The ability to estimate the genomic distribution of block sizes (Fig 6) and relate it to theory [89] developed long before genomic data were available is thrilling. The distribution of large blocks is expected to reach equilibrium quickly, and appears log-log linear, suggesting relatively strong coupling of 0.44 at least in one direction. Neither direction reaches the ‘tipping point’ coupling of S ∕ R = 1 [88], where multilocus clines ‘congeal’, however, that sharp threshold at equilibrium is misleading. Because small blocks equilibrate very slowly, it would take longer than an interglacial period for a sharp distinction in secondary contact outcome to be perceivable [89] (Fig 2).

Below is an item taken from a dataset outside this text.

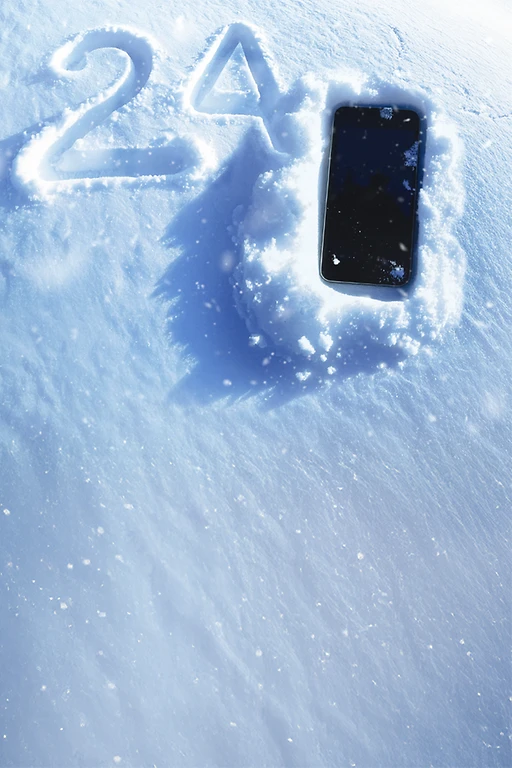  Ein Smartphone, welches zum Teil mit Schneeflocken bedeckt ist, liegt im Schnee. Links daneben die Zahl 24 in den Schnee geschrieben. 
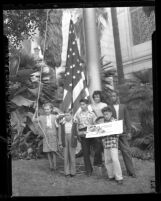 Six children, representing six different races, raising flag to open Los Angeles' Civic Unity Week, 1947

Long and short-term barriers to gene flow

The fact that barriers, inferred over these two time-scales of evolution, overlap shows that a significant subset of barriers is persistent and acts at very different points of the speciation continuum. This suggests that regions of the genome that maintain reproductive isolation between species in the long-term are also relevant early on in species divergence. Indeed, in Heliconius butterflies it has been shown that the same wing pattern genes maintain species differences both across HZs [108] and in deep time [67]. However, in contrast, the congruence in barrier landscapes across timescales we find in Iphiclides is not restricted to a small number of large effect genes, but rather a genome-wide phenomenon, suggesting a polygenic barrier architecture.

We would argue that the internal comparison of long and short-term barrier landscapes we have conducted here is a more promising avenue for testing of models of speciation than comparisons/contrasts of species pairs at different stages, which invariably differ in speciation history and barrier architecture [17,109,110]. Thus, an important direction for future work is to develop quantitative predictions for the temporal change in barrier landscapes. Under an allopatric null model, which may apply to Iphiclides during glacial periods, pairwise intrinsic incompatibilities are assumed to accumulate at random positions in the genome and genome-wide coupling is expected to increase quadratically with time [111]. Under this model, we expect a limited amount of temporal barrier overlap which arises from the fact that barrier loci that establish early have a greater effect on long-term me than later barriers. In contrast, verbal models of ‘divergence hitchhiking‘ assume that early barriers expand locally [4,112], and so may predict a greater degree of temporal overlap. While theoretical models show that locally expanding barriers are possible — given sufficiently strong selection and linkage [113] — there is so far not much empirical evidence that locally expanding ‘islands of speciation’ are a common feature of speciation.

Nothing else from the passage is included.